Grow Your Own Drugs – S02E06
BBC2 – 27 April 2010
6/6 – Wild Plants
It’s the end of James Wong’s ethnobotanical journey, and he rounds his series off with a look at the plants that have provided a free living pharmacy for thousands of years: wild plants. Taking care to point out the perils of picking in the wild, James travels to Northern Ireland, where he harvests seaweed for a luxurious seaweed body scrub, forages for elderberries and turns them into an anti-viral jam to help ward off colds and flu, and tries to offer hayfever sufferers some relief with his nettle tea.
He also seeks out a tiny wild flower called eyebright, and uses it to make a compress to soothe tired and itchy eyes. For the green-fingered, James demonstrates how you can make your own mini wild flower meadow in a tiny back garden, and offers some historical and scientific background to the plants he uses.

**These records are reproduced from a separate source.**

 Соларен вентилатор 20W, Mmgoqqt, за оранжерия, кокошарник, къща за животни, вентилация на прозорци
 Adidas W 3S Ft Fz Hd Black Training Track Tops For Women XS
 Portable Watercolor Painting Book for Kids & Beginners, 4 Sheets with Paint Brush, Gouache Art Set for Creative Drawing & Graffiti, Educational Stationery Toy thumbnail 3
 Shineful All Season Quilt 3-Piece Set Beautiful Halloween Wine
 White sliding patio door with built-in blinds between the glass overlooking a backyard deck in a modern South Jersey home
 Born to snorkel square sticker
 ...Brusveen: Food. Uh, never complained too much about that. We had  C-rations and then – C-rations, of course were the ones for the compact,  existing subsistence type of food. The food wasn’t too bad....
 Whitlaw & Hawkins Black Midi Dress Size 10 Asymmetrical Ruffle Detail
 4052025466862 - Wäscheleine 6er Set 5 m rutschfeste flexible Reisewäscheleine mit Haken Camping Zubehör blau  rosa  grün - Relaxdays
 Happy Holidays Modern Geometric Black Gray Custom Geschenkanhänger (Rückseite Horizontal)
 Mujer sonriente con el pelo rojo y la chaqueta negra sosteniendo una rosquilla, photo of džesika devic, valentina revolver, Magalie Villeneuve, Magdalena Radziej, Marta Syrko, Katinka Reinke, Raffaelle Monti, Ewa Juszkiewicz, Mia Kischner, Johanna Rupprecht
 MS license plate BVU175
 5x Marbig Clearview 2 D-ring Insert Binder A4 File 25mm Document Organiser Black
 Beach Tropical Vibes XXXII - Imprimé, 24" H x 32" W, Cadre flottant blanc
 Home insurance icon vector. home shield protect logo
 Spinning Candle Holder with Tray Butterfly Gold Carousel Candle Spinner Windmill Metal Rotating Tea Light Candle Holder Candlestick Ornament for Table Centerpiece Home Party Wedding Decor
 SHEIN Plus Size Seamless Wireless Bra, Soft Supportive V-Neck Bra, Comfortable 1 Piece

Ah James if I knew you were needing a load of nettles you could have had all the evil beasts that I dug up from my garden last year. Now, I have none, and despite their health giving benefits, I’m glad I don’t have a garden full of six foot high stinging nettles with miles of spaghetti roots as thick as electrical cables in my garden any more. Nettle tea, nettle soup, nettle dye (ah The Good Life and the loom) it’s all good but not for me. I can get plenty in the wild if I want some (which I don’t) Actually I have tried nettle soup and tea before and it really must be “an acquired taste” and one I just don’t have. Now elderflower and elderberries on the other hand, I would love to get my hands on some of those! I have a desperate urge to try my hand at making wine and elderflower/berry is top of my list, and of course jam as well, but wine aah.
Seaweed again is something that I know has great properties and I wish I could make some beauty products out of that but I think the local stuff is a bit polluted.